Bahkan Sukmono “menantang” argumen George Coedes yang menyatakan pusat kerajaan di Palembang. Kisruh ini terungkap pada Kongres Ilmiah Pasifik pada 1957, dipublikasi dalam “
Geomorphology and the location of Criwijaya”, Majalah Ilmu-Ilmu Sastra Indonesia, April 1963.

Yang ditantang Sukmono bukan orang sembarangan. George Coedes seorang arkeolog dan sejarawan Prancis abad ke-20 yang bertunak pada penelitian di wilayah Asia Tenggara. Karya besarnya:
The Indianized States of Southeast Asia, 1968, 1975 dan The Making of South East Asia, 1966. Karya terbesar Sukmono ini terinspirasi dari ahli geomorfologi Belanda, Obdeyn pada 1941-1944.

Obdeyn, menurut Sukmono, mempublikasi seri paper tentang perkembangan geomorfologi Sumatera Selatan dalam Tijdschrift. Kon. Ned. Aardr. Gen No 59-61 – hasil penelitian ini juga digunakan Bemmelen, 1949 dalam adikaryanya “The Geology of Indonesia”.


Yang jelas, hasil kesimpulan Sukmono, kerajaan ini, terkenal sebagai kerajaan maritim tertua di Indonesia dan kerajaan pertama nusantara menguasai wilayah Sumatera, semenanjung Malaya, Kalimantan, Nusa Tenggara, Maluku dan Mindanao.

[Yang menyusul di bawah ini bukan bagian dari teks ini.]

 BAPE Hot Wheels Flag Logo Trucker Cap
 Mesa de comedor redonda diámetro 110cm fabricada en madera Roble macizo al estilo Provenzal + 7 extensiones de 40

Lagi-lagi temuan baru ini menuai debat. Adalah Prof Dr Slamet Muljana, arkeolog dari negara yang sama, menulis dalam bukunya “Sriwijaya” tersemat nukilan sejarah dari catatan I-ts’ing (Yi-Jing) pada 635-713. Ia seorang dari tiga penjelajah terkenal dari Cina. Kedua pendahulunya adalah Fa-Hsien dan Hsuan-Tsang. Bagi Slamet, catatan ini sangat kuat. I-ts’ing menulis keberadaan pusat kota Sriwijaya terletak di daerah khatulistiwa. Deskripsi tempat ini jelas: “Apabila orang berdiri tepat pada tengah hari, maka tidak akan kelihatan bayangannya”. "Dari dasar inilah,
banyak bukti menunjukkan, bahwa pusat kerajaan Sriwijaya ada di Desa Muara Takus, Kabupaten Kampar, Provinsi Riau," jelas Allatif.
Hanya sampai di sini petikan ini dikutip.